Direktur Eksekutif Imparsial, Gufron Mabruri menyoroti manuver pemerintah yang sedang menyusun rancangan peraturan pemerintah (RPP) manajemen ASN sebagai amanat UU Nomor 20 Tahun 2023.
Salah satu poin dalam RPP tersebut adalah memperbolehkan personel militer untuk mengisi jabatan ASN yang sebelumnya diisi oleh warga sipil.
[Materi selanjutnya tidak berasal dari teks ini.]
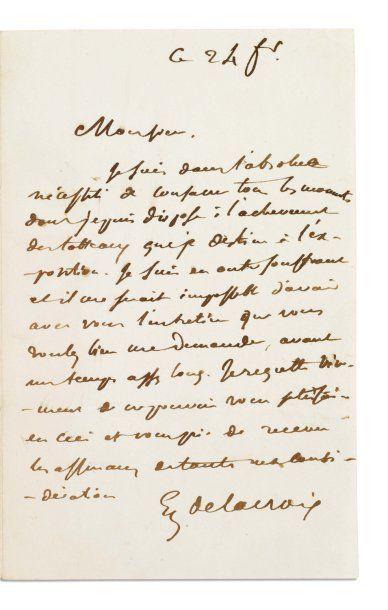 DELACROIX Eugène. Lettre autographe signée « E. Delacroix », 1 page pleine in-8 datée...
“Kebijakan ini akan menghidupkan kembali praktik Dwifungsi ABRI. Praktik tersebut sangat terkait dengan rezim otoriter Orde Baru yang dipimpin oleh Presiden Soeharto,” ujarnya dalam sebuah diskusi publik di Jakarta Selatan, Minggu (17/3/2024).
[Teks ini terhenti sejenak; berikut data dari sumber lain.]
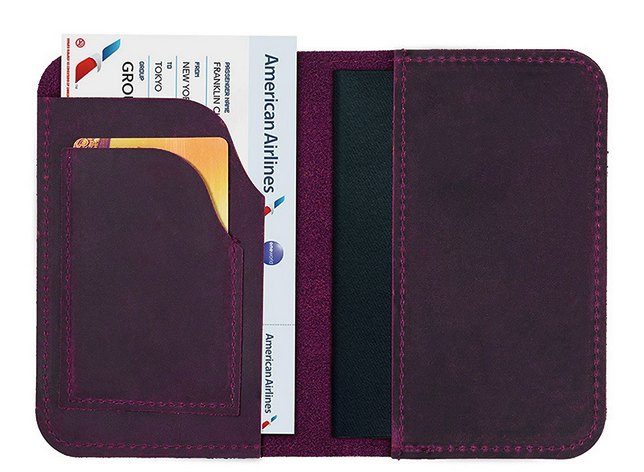 Purple leather passport holder wallet with card slots bifold travel pouch H263-image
Menurut Gufron, langkah ini sangat problematik karena bertentangan dengan semangat Reformasi yang telah dibangun oleh masyarakat sipil selama 25 tahun.
“Perlunya kajian serius terhadap RPP tersebut dan bahkan harus dibatalkan karena bertentangan dengan agenda Reformasi,” tegasnya.
Sementara itu, Direktur Eksekutif Human Rights Working Group (HRWG), Daniel Awigra juga menyampaikan kekhawatirannya atas upaya sekuritisasi yang muncul.
Ia menduga adanya upaya untuk memasukkan semua isu di luar keamanan dan pertahanan ke dalam domain militer, sehingga memungkinkan TNI/Polri untuk terlibat dalam urusan sipil dengan dalih menjaga keamanan dan pertahanan negara.
“Sekuritisasi adalah konsep yang menjadikan segala sesuatu di luar isu keamanan dan pertahanan sebagai domain militer. Dengan demikian, TNI/Polri dapat masuk ke ranah sipil dengan alasan menjaga keamanan dan pertahanan negara,” tegas Daniel.
Ia menekankan, penolakan terhadap RPP tersebut merupakan upaya masyarakat sipil untuk melawan gejala sekuritisasi dan mempertahankan demokrasi.
“Jika masyarakat sipil tidak berani menentang RPP ini, maka demokrasi kita akan benar-benar terancam,” tandasnya.